# Forum Home Renovation Waterproofing  Confusion with bond breakers .. Help please !

## roombyroom

Hi there everyone, I'm new to this forum and I'm new to home renovation, I have started to renovate my bathroom, and have installed a tile over shower tray. I'm planing to waterproof the shower are, I understand the process but when it comes to joints and bond breakers,I'm a little bit confused or not understanding it correctly. I will be using Davco k10 membrane, but when it comes to the join in my plaster boards and the joints between my shower base, I believe that the need to be filled with natural cure silicon, then I can paint the water proof membrane, then Davco says I could also just cover the joints with gaffa tape then paint the membrane above the tape, 1st question is instead of gaffa tape can I just use Ardex STB tape over the joints as the bond breaker, 2nd question is if so, do I still have to fill the gap with natural cure silicon under the Ardex STB tape. I'm just not confident that the gaffa tape seems to be the best option.

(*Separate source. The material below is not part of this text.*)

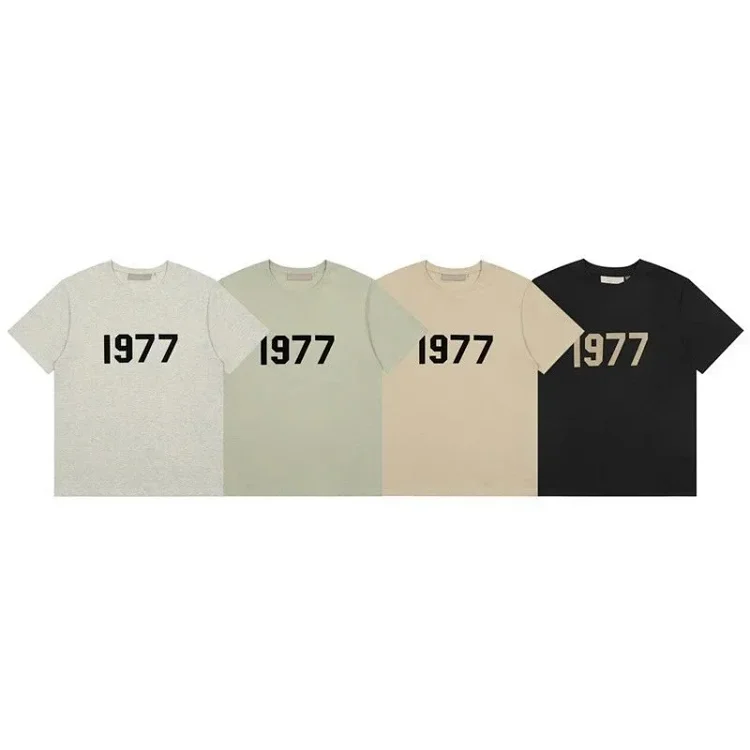 High street casual 1977 short sleeve loose casual American men and women couples T-shirt-JS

The Ardex STB tape seems very stick and I can't just paint the membrane over the top. Is it that simple or am I missing something.
Thanks in advance for advice and help

----------


## OBBob

The tape is a reinforcement of the corner joints, which are subject to slight movement with the structure. The bond breaker is a layer that stops the tape sticking at that joint to allow for the movement. Nothing sticks to normal silicone, so it's sometimes used as a bond breaker. I don't think that tape you listed includes a bond breaker ... just the reinforcement tape. Look at this product, which is both.   https://www.bunnings.com.au/waterpro...betta_p0960174

----------